Es más común de lo que he imaginado la cantidad de niños que van en su proceso bi/multilingüe con una lengua pasiva. Si tan solo nos informáramos lo suficiente los padres y la comunidad para apoyar los niños en la adquisición de las lenguas a las que se encuentra expuesto. Si juntos lograremos espacios y momentos de armonía y sin ansiedad en el uso de las lenguas que a cada ser pertenecen.

Entre bilingüismo receptivo y bilingüismo pasivo hay una sútil linea de diferencia que más adelante puedo aclarar según lecturas e investigaciones. Lo cierto es que en este texto usaré bilingüismo receptivo, lo importante para los padres no esta en el concepto exacto si no en la profundidad de comprender las situaciones que se presentan para aprovecharlas con asertividad.

Los niños bilingües receptivos pueden convertirse en bilingües activos cuando cambia su entorno lingüístico, Nakamura, 2018.

El entorno que proporcionamos en una lengua determinada o en el lugar donde se unen todas, juega un rol importante para la conexión del niño y la disposición que presentará más adelante para el uso de la lengua.

Su lengua más débil puede reactivarse en cuestión de días, como demuestra Slavkov’s, 2015.
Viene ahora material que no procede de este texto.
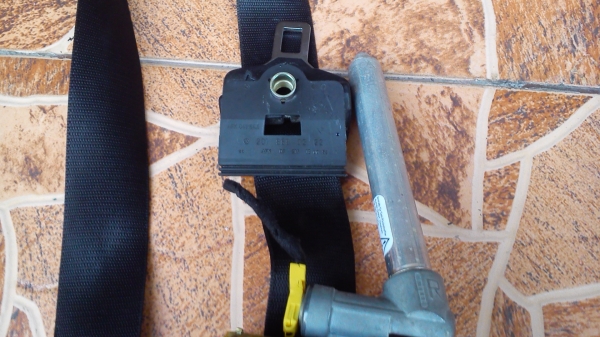 สายเบลท์ หน้าข้างขวา Mercedes Benz W210 W124 C200 ปี1998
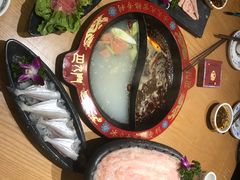 -重庆巴九门老火锅(阳朔店)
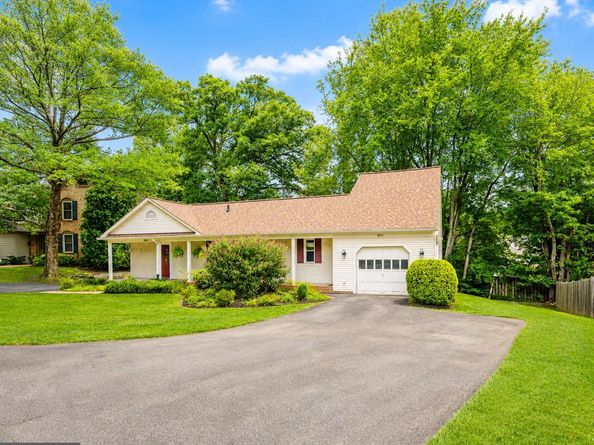 8531 West Oak Place Place, Vienna VA 22182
Y como seguramente lo has notado tú cuando hay un cambio en la dinámica familiar.

 

Se hace notable cuando:

  • Viajamos al país de la lengua meta
  • Recibimos visita de un familiar de la lengua
  • Dedicamos más horas al día a la exposición de la lengua
  • Cuando cambia el cuidador
  • Y muchas situaciones más

Incluso cuando cambiamos de casa en una misma ciudad o de ciudad dentro de un mismo país; cualquier pequeño cambio del entorno general oportunidades o momentos críticos.

Tres verbos para poner en práctica

 

  • OBSERVA, dedicar tiempo a observar a tus hijos te dará el poder de conocerlos y así decidir cual es el mejor cambio en el entorno lingüístico
  • ESCUCHA, con atención y calma, lograrás identificar sus frases más usadas y modelarlas en la lengua meta
  •  ENSEÑA habilidades sociales, destina momentos para desarrollar la comunicación no verbal de la cultura de la lengua

La observación al niño nos permitirá, acompañarlos en el cambio e identificar los puntos fuertes para aprovechar y los débiles asistir.
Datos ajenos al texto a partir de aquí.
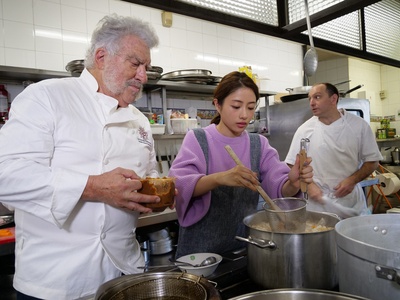 石原里美的本色旅行in西班牙剧照的剧照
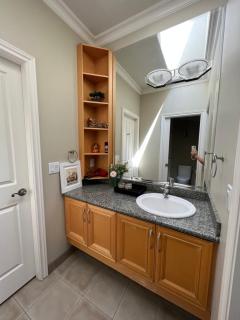 A cozy bedroom with a private washroom close to YVR Richmond - Richmond - 1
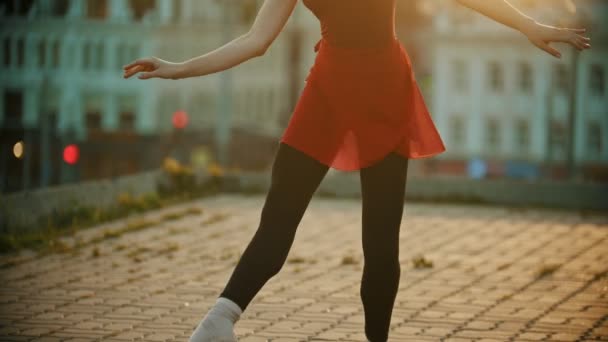 Bailarina joven bailando en el techo - caminando de puntillas - puesta de sol — Vídeos de Stock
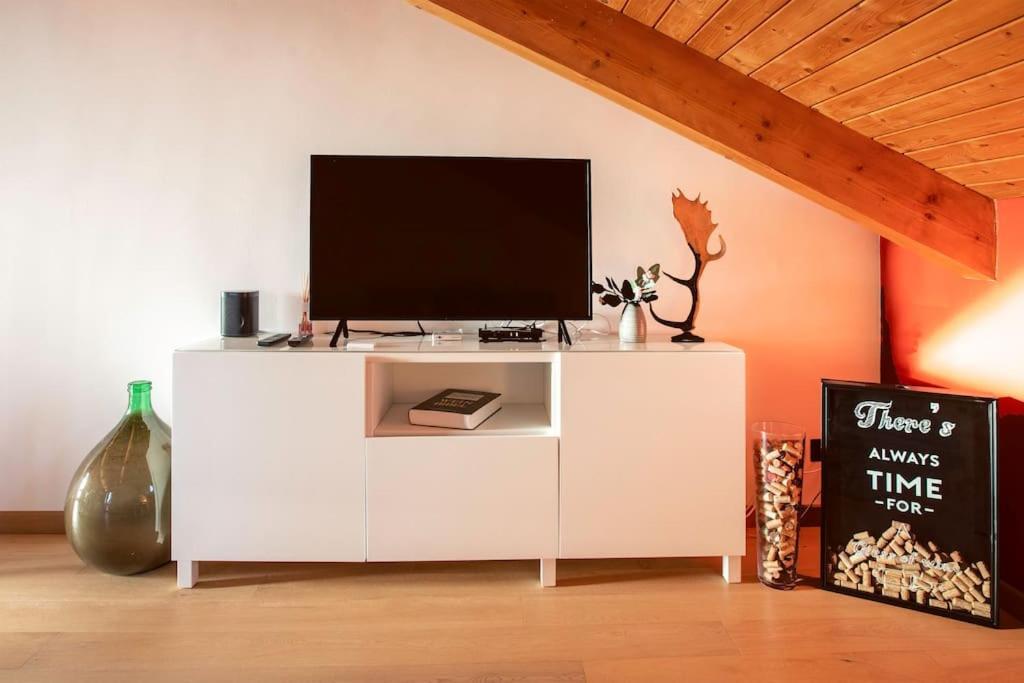 Charming 2.5Room Flat In Center Of Monforte dʼAlba المظهر الخارجي الصورة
Otra punto importante para tener encuesta cuando se esta presentado una lengua receptiva en el proceso bi/multilingüe del niño, es ver dentro de nosotros adultos, cuando lo percibimos, ¿cómo estamos actuando?, ¿estamos siendo capaces de hacer un análisis sobre nuestro uso de la lengua?, ¿hemos estado modelando constantemente la lengua?.

Nuestro estilo de respuesta parental tiene al mismo tiempo un efecto sobre este fenómeno, dependiendo de nuestra respuesta como padres frente a la lengua de uso de los niños se puede incrementar las posibilidades de desarrollar un bilingüismo receptivo o minimizar las probabilidades, y conseguir un bilingüismo activo.

Hay muchas formas dependiendo del gran y único abanico de tu situación familiar en la que puedes apoyar a tu hijo su proceso bilingüe, y las herramientas que yo he puesto en practica y cientos de familias ponen en practica hoy vienen de la disciplina positiva. 

Generando un bilingüismo en armonia y sin ansiedad. Con respeto hacia el niño, respeto hacia el adulto cuidador e incluso respeto hacia la sociedad que nos rodea.